Hey Katie,
I’ll just tackle ‘The Big Question’ for now - ROI of usability...
Fortunately, many have had to tackle this before.
It's great that you have experience in industrial design - this gives
you the perfect metaphor from which to work. Think about the software
architecture/user experience as your tooling costs.
In software design, you can put things together on the fly, stumbling
through and re-working objects or snippets of code, resulting in a
rushed piece of work that is poorly/cowboy/spaghetti coded and very
hard to maintain - say 30% design/70% coding - software engineers will
understand this. Alternatively, this can be turned around, utilising
the same amount of time (i.e. 70% design/30% coding), creating a
comprehensive software architecture on paper, working out exactly
which objects need to be coded, how they will interact with each other
and what the results will be, resulting in tight, efficient, easy-to-
maintain code.
Extend this idea one more step to the user experience. In any
project, it costs very little to change a design on paper - but wait
until you have developed the software, and those costs start to rise
exponentially the further that the project progresses. Discovering
flawed requirements or interaction design in paper prototyping only
costs a couple of hours work to re-visit and test again. Discovering
the same flaws on release will cost the company on many fronts, the
least of which is re-development of the software for the next
iteration/release. There are a number of other factors to consider,
such as brand identity and trust.
Take the dot-bombs - seemingly great ideas on paper - people threw
money at them without testing the concept - without the input of human
factors specialists. The 'design it and they will come' attitude made
a quick turn for the worst as the market asked "Does anyone need or
use this?"
Forrester tabulated some sample metrics from B2B and B2C web sites
(some of these of course would be applicable, or similar to
application design) in their June 2001 report, ‘Get ROI from Design’.

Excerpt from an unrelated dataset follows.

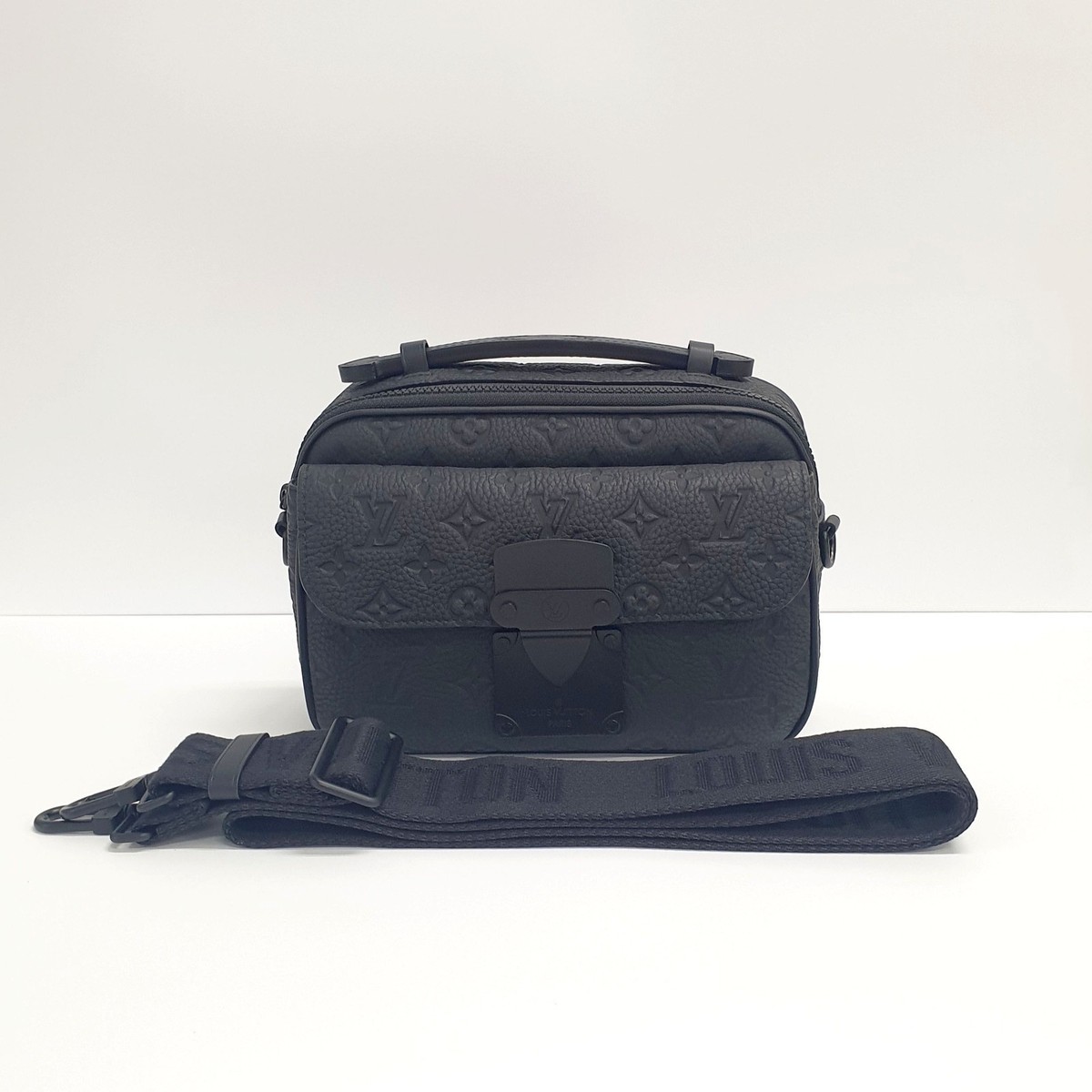Louis Vuitton Monogram S Lock Messenger Taurillon Crossbody Bag M58489  91066549 | eBay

Unfortunately, many of these can only be measured by developing a
number of sites/applications:
“Metrics For Calculating ROI From Design
Sales - B2C
• Increased online sales
• Leads passed to other channels
• Percent of offline sales influenced by online research
Sales - B2B
• Increased online sales
• Leads passed to other channels
• Percent of offline sales influenced by online research
Support - B2C
• Reduced number of incoming support calls and emails
Support - B2B
• Reduced number of incoming support calls and emails
• Cuts in training time and costs
Customer satisfaction – B2C
• Better overall satisfaction, leading to increased loyalty
• Higher likelihood of recommending site to others
Customer satisfaction – B2B
• Better overall customer satisfaction, leading to increased loyalty
• More frequent use of online offering
Partner satisfaction – B2C
• Better overall satisfaction scores from partners
Partner satisfaction – B2B
• Faster interaction and data sharing within eBusiness networks
• More sales or traffic passed to retail or content partners
User efficiency and productivity – B2C
• Clients are more effective, drives more users of online tools and
services
User efficiency and productivity – B2B
• Users realize productivity gains, making it easier to show site‘s
value
• Customers can accomplish goals more quickly, leave more satisfied”
The rest of the report obviously fleshes out the details.
Another very good source is Rashmi Sinha's ROI of Usability: A
Collection of Links (http://www.rashmisinha.com/useroi.html)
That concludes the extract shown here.